Advantage: Adaptive, uses tools dynamically, handles emergent problems. Disadvantage: Unpredictable token usage, hallucination risks, latency.
Pattern 3: Planning + Execution
Use case: Large projects, multi-stage orchestration, resource constraints.
from langchain.agents import initialize_agent
from langchain.chains import LLMChain
from langchain.prompts import PromptTemplate
# Step 1: Planning (once, before execution)
planner = LLMChain(
llm=llm,
prompt=PromptTemplate(
input_variables=['objective'],
template="""Create a 5-step plan to achieve: {objective}
Format:
1. [Step 1]
2. [Step 2]
... etc
"""
)
)
# Step 2: Execution (follow the plan)
executor = initialize_agent(
tools,
llm,
agent=AgentType.OPENAI_FUNCTIONS,
verbose=True,
max_iterations=15
)
objective = "Build a customer support chatbot for a SaaS product"
plan = planner.run(objective)
# Output:
# 1. Define chatbot scope and use cases
# 2. Gather customer support tickets
# 3. Extract Q&A pairs from tickets
# 4. Train embeddings on Q&A pairs
# 5. Deploy chatbot with RAG pipeline
# Execute each step
result = executor.run(f"Execute this plan: {plan}")
Advantage: Cost-efficient (plan once, execute multiple times), transparent (explicit steps).
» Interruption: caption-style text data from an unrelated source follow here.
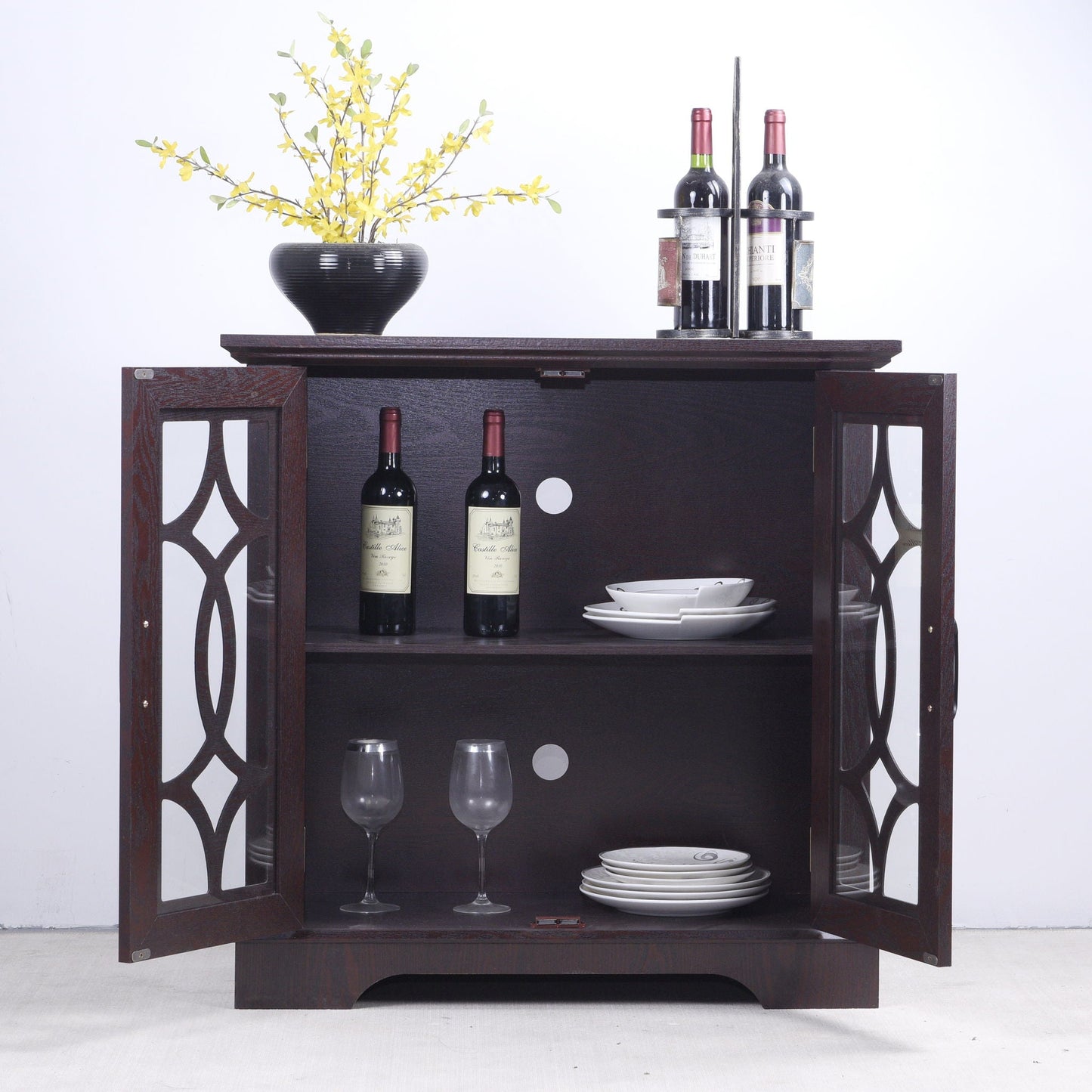 Modern Sideboard With Tempered Glass Doors - Ox Blood Red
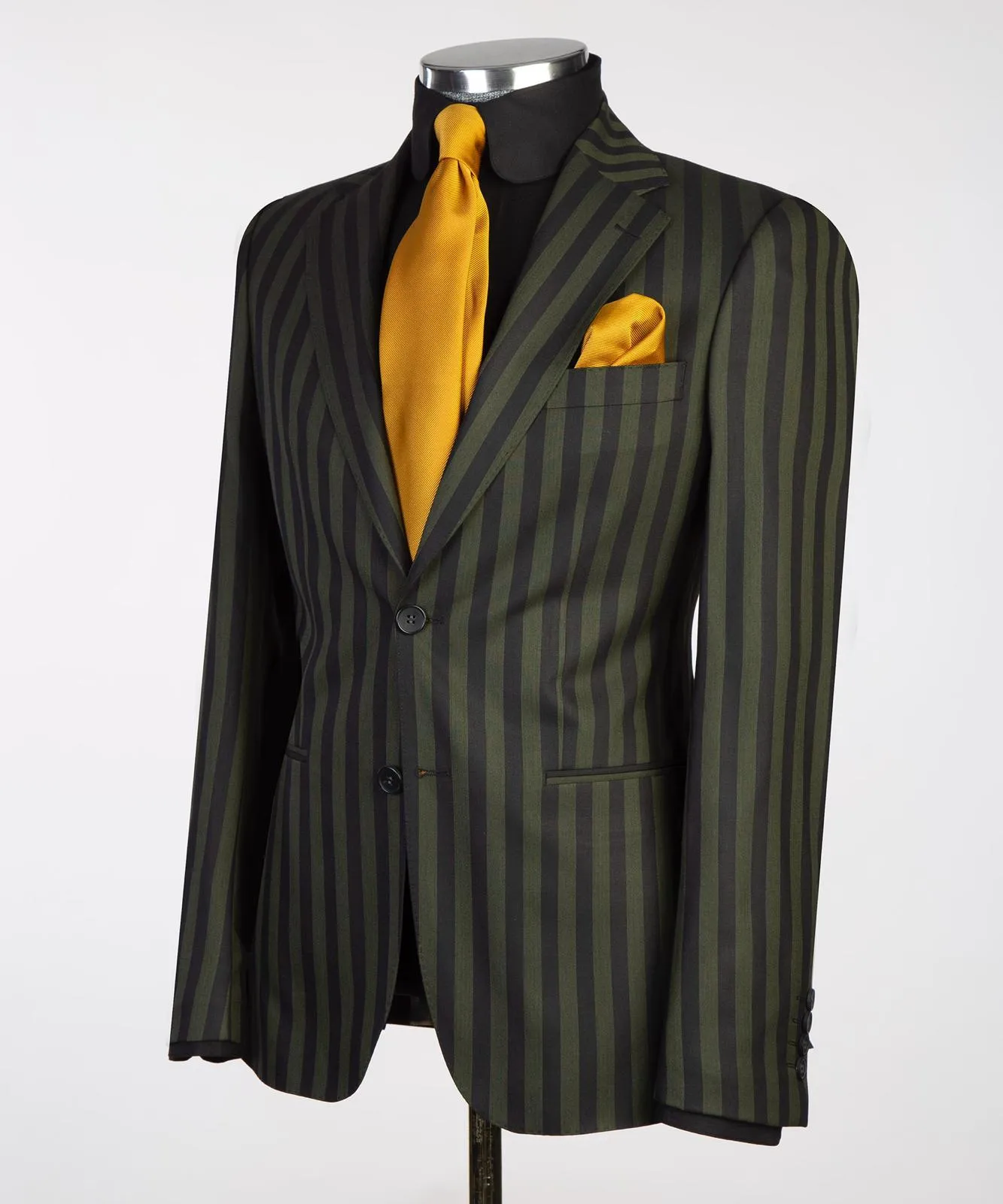 Dark Olive Green Suit With Black Strip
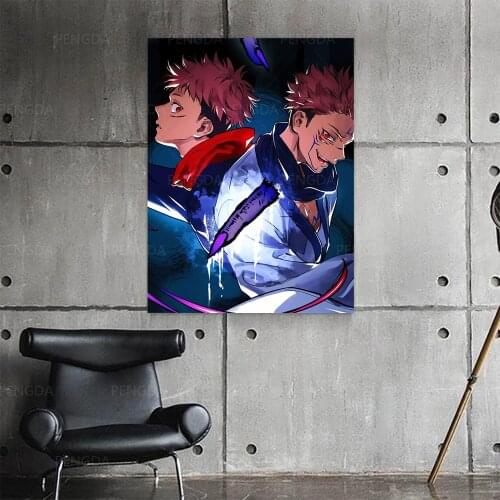 Wall Art Canvas Blue Magic Fight Jujutsu Kaisen Print Posters Paintings Picture Home Decor Living Room Modern Artwork Modular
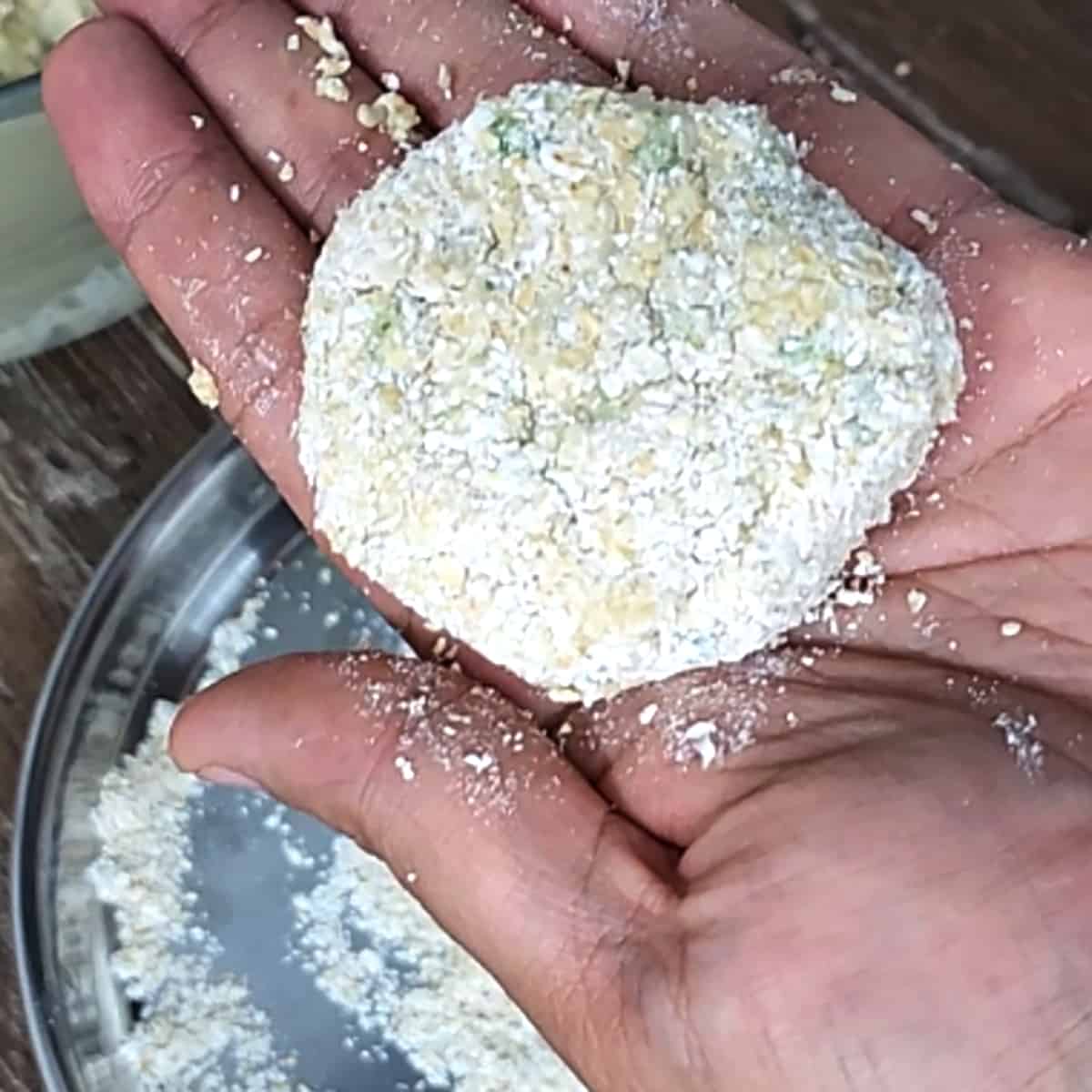 Shape and roll the patty or cutlet in bread crumbs. 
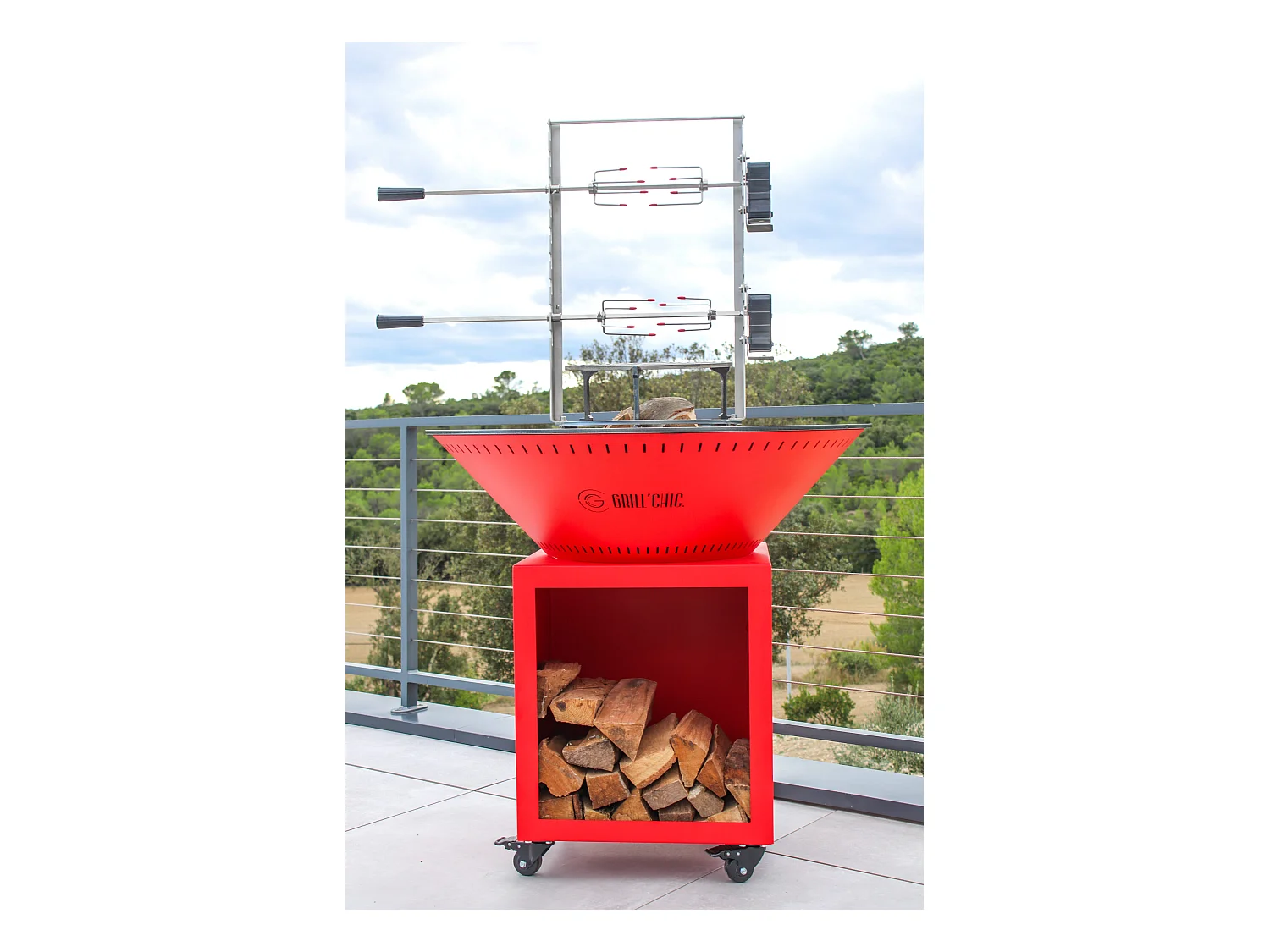 CLASSIQUE Double Cuve Acier - Brasero - 103x90cm - Effet Corten - Style industriel et robuste pour une ambiance chaleureuse en extérieur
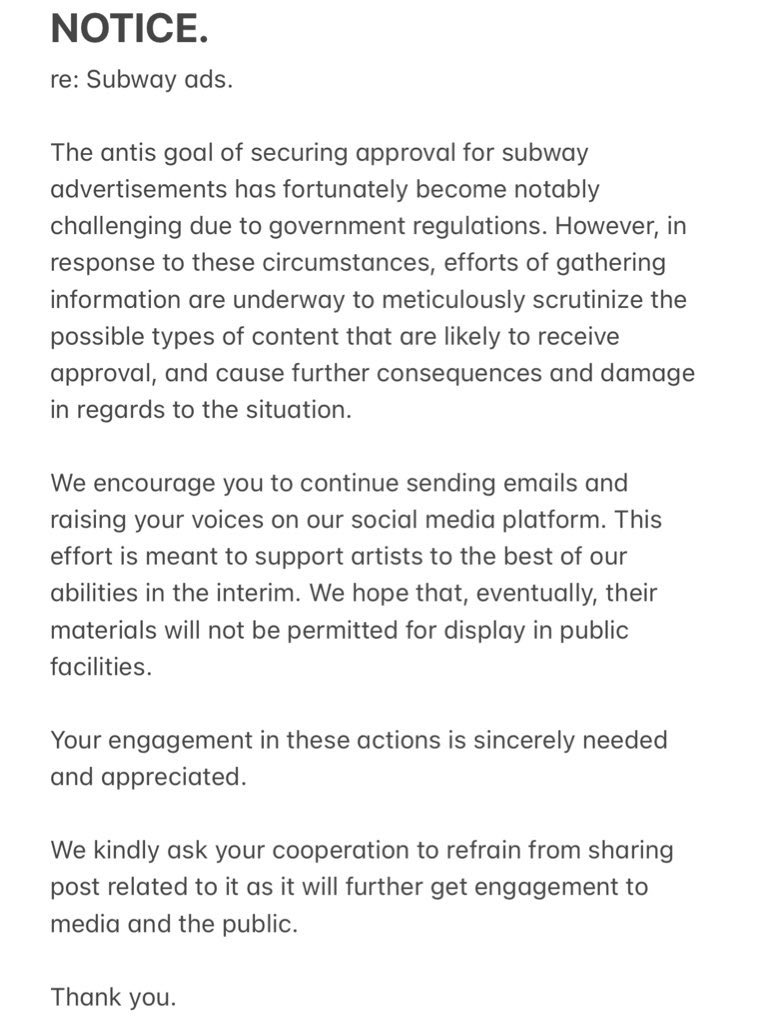 HJS_GLOBAL's tweet photo. NOTICE.

re: subway ads https://t.co/iEqFudlWSo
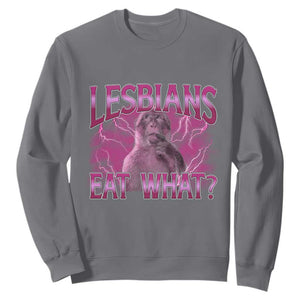 Funny Monkey Meme Lesbians Eat What Sweatshirt LGBTQ Pride Gift TS12 Charcoal Print Your Wear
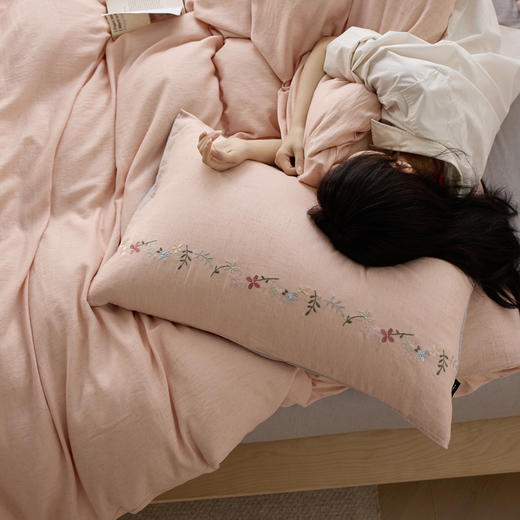 超柔裸感贴身天丝棉麻四件套 天丝+棉+亚麻无印风简约套件 商品图9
Disadvantage: Less adaptive, requires manual plan intervention.
LangGraph (Agentic Control Flow)
LangGraph is a state machine framework for agents. Unlike LangChain chains, LangGraph handles conditional branching, loops, and persistence.
from langgraph.graph import StateGraph, START, END
from langgraph.checkpoint.memory import MemorySaver
from typing import TypedDict, Annotated
# Define agent state
class AgentState(TypedDict):
messages: Annotated[list, 'Append-only message history']
user_id: str
session_id: str
context: dict
# Node functions (each can make LLM calls, tool calls, etc.)
def query_node(state: AgentState) -> AgentState:
"""Process user query."""
response = llm.invoke(state['messages'])
state['messages'].append({'role': 'assistant', 'content': response})
return state
def tool_node(state: AgentState) -> AgentState:
"""Execute tool calls from LLM response."""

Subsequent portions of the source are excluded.